Is This Really About Girls?
30 December 2006
Warning: Spoilers
Louise Brooks certainly didn't think so - she thought it was about a pair of 'homos' (as she called them). Well maybe it is, and maybe it isn't. What is is, though, is a pretty average and lightly entertaining buddy story involving that great slab of gammon, Victor McLaglen (as Spike Madden) in the lead role, and a rather nervy Robert Armstrong (as Bill) as his antagonist and, eventually, firm friend.

McLaglen may be consistently outlandish, indeed almost a cartoon character, but he is never less than engaging and enjoyable. He meets his match in a brazen hussy (Louis Brooks, as Mlle. Godiva, or Tessie from Coney Island).

Howard Hawks keeps this film going at a breezy pace, and there are a few wild, Hawksian shots of a real life (four (?) masted) barque struggling through a heavy sea.

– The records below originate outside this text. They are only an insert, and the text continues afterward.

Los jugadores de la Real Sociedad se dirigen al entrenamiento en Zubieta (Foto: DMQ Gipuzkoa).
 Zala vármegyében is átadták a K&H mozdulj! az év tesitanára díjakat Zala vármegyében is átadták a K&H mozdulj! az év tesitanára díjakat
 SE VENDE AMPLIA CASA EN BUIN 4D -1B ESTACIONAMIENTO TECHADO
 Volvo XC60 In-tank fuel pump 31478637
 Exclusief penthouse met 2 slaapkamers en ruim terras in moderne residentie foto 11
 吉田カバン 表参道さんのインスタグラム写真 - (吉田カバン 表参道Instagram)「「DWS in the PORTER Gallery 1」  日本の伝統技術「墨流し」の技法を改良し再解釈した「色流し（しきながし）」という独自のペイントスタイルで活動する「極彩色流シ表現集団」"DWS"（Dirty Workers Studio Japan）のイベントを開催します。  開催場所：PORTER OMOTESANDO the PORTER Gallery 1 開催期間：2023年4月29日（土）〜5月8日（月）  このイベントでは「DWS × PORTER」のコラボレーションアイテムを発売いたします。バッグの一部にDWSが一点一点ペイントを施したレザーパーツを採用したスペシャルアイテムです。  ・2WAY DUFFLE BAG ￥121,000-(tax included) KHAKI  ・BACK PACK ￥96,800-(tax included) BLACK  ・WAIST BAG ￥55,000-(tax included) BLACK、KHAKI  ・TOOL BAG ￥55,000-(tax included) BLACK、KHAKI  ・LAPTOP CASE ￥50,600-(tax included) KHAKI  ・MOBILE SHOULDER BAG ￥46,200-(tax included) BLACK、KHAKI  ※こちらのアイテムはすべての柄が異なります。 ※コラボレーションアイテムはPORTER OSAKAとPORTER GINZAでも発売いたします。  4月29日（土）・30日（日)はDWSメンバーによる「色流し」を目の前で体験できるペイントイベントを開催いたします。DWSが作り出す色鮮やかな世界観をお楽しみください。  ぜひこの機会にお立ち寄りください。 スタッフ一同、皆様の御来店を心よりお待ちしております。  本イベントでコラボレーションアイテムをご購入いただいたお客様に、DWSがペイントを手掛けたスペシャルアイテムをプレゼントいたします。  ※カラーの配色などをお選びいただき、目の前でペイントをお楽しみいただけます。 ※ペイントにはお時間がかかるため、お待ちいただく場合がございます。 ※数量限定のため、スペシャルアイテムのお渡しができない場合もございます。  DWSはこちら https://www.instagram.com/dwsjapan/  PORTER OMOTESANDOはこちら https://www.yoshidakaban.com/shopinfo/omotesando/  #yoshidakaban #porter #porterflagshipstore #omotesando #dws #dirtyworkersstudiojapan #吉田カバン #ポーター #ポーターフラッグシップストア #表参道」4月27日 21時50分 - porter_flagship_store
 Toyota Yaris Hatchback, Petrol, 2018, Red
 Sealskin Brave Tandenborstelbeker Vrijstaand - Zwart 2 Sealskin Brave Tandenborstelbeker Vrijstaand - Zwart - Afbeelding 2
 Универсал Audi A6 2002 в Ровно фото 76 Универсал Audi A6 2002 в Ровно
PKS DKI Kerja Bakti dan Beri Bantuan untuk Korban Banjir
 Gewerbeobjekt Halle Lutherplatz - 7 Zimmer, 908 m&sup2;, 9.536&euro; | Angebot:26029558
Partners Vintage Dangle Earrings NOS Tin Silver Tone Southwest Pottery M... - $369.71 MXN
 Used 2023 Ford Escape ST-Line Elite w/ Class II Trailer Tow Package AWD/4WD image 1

Hawks always had a fine eye for an alluring girl and we not only have Brooks but also Maria Casajuana, who electrifies the screen for a few moments (in a scene set in a bar in Rio de Janeiro). Unfortunately, I have never seen her in anything else. It also seems that he put Myrna Loy appeared in a scene set in Singapore, but this was not in the print that I saw in the National Film Theatre in London, as part of the short Louise Brooks season.

For some reason this film was very popular in Europe, and Brooks caught the eye of G. W. Pabst...and the rest is history. It also (much later, in the late 1950s) caught the eye of the great Henri Langlois of the Cinematheque Francaise (Hawks was very popular with French critics at the time), which led to the first postwar rediscovery of Brooks.